7-Imp’s 7 Kicks #359: Featuring Carin Berger

h1 Sunday, December 1st, 2013

It’s the first Sunday of the month, when I typically feature student illustrators or those brand-new to illustration, but I’m breaking the rules today.

And that’s ’cause, earlier this week, I was chatting with author-illustrator Carin Berger about how she turned in the art for her upcoming book, Finding Spring (Greenwillow Books), which is about a bear who doesn’t want to hibernate and, instead, goes in search of Spring. The art is what Carin describes as “somewhat 3D”—like her most recent illustrated children’s book, Jack Prelutsky’s Stardines Swim High Across the Sky: And Other Poems (Greenwillow Books, February 2013)—but “more like tiny toy theaters or Victorian raree shows.”

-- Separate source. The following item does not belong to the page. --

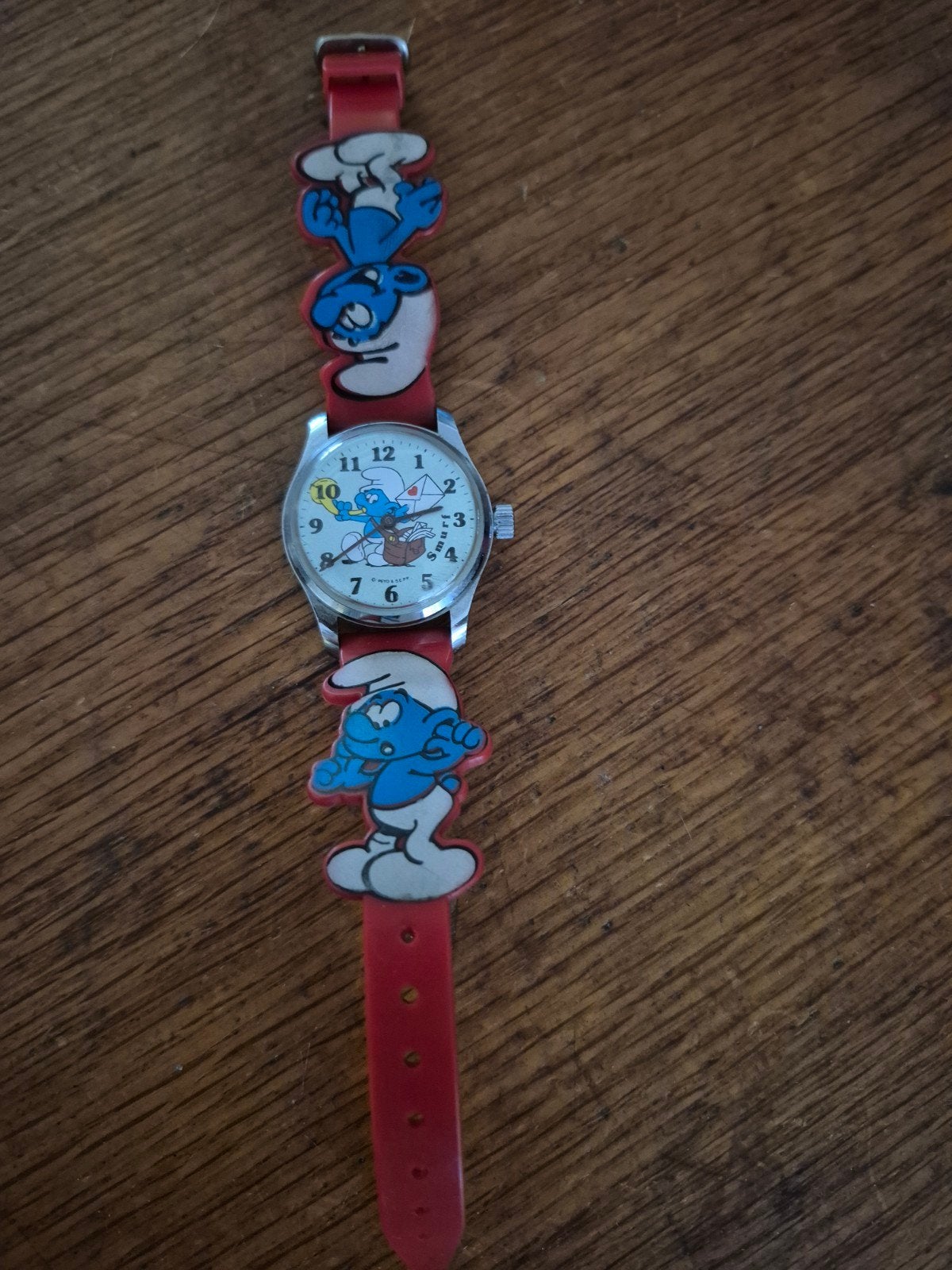 Smurfen horloge - rood bandje vintage, Ophalen of Verzenden, Gebruikt, Verschillende Smurfen, Overige typen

I haven’t seen an early copy of this book, which won’t be on shelves for a while, but I always enjoy reading about Carin and how she creates her artwork. In fact, Carin and I did this back in January of last year, way before Stardines came out. She visited back then to share images of her dioramas, her three-dimensional art from that book. Hmm. Maybe I can just make it a 7-Imp tradition to check in with Carin at the first (or nearly first) of every year. I’m a fan of her artwork. That’d make me happy anyway.